2019

Fiona 1.8.9 and GDAL 3

GDAL 3.0.0 was released in May. It has been adopted more quickly than I anticipated and lack of support for it in the Rasterio and Fiona packages was becoming a point of pain for users. Rasterio 1.0.25 added support for GDAL 3.0 in August and now Fiona 1.8.9 has similar basic support. We can build the extension modules in these packages with GDAL 3.0 and they will run almost exactly as they did with GDAL 2.4. No new spatial referencing features of GDAL 3.0 and PROJ 6 are exposed by Fiona 1.8.9.

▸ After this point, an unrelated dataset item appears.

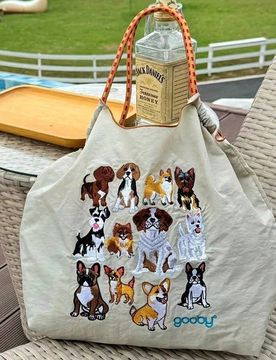 Pieza Bolsa de compras plegable de gran capacidad de nylon ligero con patrón bordado de perro lindo, bolso de hombro y bandolera para viajes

What changes were required to the code? Everywhere an extension module calls one of the OSRImport* functions we now need to call a new OSRSetAxisMappingStrategy function to preserve the "traditional" open source GIS order of coordinates: longitude first, latitude second in common cases. This change was made in core modules and in the three existing shim modules. We had to add a new shim module to go with GDAL 3.0 to make a facade for a function that was removed from GDAL in 3.0. We try to avoid branching on the version of GDAL in Fiona and instead use the shims at build time. This binds installations of the packages to a specific version of GDAL.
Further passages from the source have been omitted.